Pois bem, basta que a inglesa adote a mesma tarifa quilométrica da linha de Mogi-Mirim a Santos, para que aflua para a sua estrada todo o café da zona da Mogiana, pelo simples motivo de ser o caminho atual o mais curto de quantos se possam construir do interior a Santos.

Assim, portanto, nem o café produzido em sua zona tem a Mogiana probabilidade de conduzir pela sua nova estrada! A S. Paulo Railway, constituindo o natural escoadouro dos mais ricos e abundantes elementos de tráfego do estado de S. Paulo, está por isso mesmo em condições especialíssimas de lutar com imensa e decidida vantagem com a sua concorrente, no único ramo de trabalho em que esta poderia pretender disputar-lhe a preferência.

Mas se a Mogiana não terá a transportar em sua projetada linha nem mesmo o café de sua zona, isto é, se por ali não tem de haver nenhum tráfego sensível, nem de passageiros, nem de importação, nem de exportação, a conclusão a tirar, única possível, é que na realidade dos fatos, sem fantasias nem ilusões, a empresa em que a diretoria da Companhia Mogiana está em vésperas de embarcar quarenta ou cinqüenta mil contos de réis tomados a prêmio, vai ser, indubitavelmente, o mais colossal desastre que registram os anais financeiros do nosso país.

Imagem: reprodução parcial de página de Na Brecha

IV

Depois de terem sido escritos e publicados os três primeiros artigos desta série, chegou-nos às mãos um folheto sem nenhuma assinatura, com este título:

"A Estrada de Ferro Mogiana em Santos, suas vantagens econômicas, impossibilidade de uma guerra de tarifas com a S. Paulo Railway e a Companhia Paulista".

Ainda que anônima esta publicação, garantiu-nos pessoa autorizada que o folheto foi publicado e distribuído por conta e ordem da diretoria da Companhia Mogiana, e tanto bastou para que o acolhêssemos com simpatia, lendo-o com a mais carinhosa atenção do princípio ao fim.

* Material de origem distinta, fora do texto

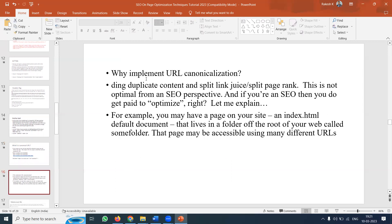Why implement URL canonicalization? Duplicate content and split links split page rank, which is not optimal from an SEO perspective. For example, you can have a page on your site — it is not just an HTML document but a default document in a folder at the root of your web server. That page may be accessible using many different URLs, and all of those will be consolidated into the canonical URL.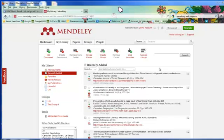With Mendeley, you also have the option of importing references from the web. In order to do so, you must be logged into your Mendeley online account and install the web importer.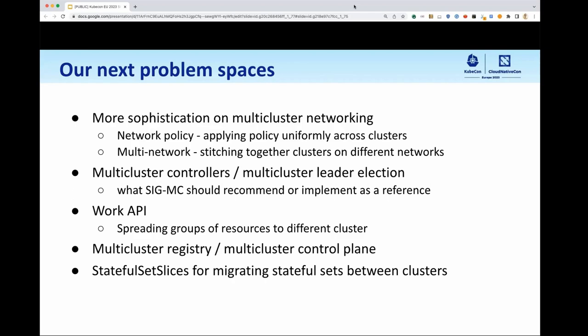Let's talk about our next problem spaces. You'll notice as we talk through these that we've attempted to select work that's very focused on specific problems. On multi-cluster networking, we're looking for more sophistication now that we've done some groundwork. With regard to network policy, we want to look at applying policy uniformly across clusters. We also want to look at stitching together clusters on different networks — something that resonates with anybody who has attempted to make things work across clusters that are on an organically developed network topology.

Rendemos homenagem à nobre intenção que certamente inspirou esse documento, acreditamos piamente na lealdade e boa fé que sem dúvida presidiram à elaboração desse trabalho, na verdade interessante sob muitos aspectos. Entretanto, a impressão dominante, incontrastável, que nos ficou de sua leitura, digamo-lo com franqueza – é que o autor não podia alinhar argumentos mais decisivos, extrair provas mais convincentes, mais esmagadoras, do completo insucesso, do irremediável desastre que será a construção da estrada de ferro da Mogi-Mirim a Santos.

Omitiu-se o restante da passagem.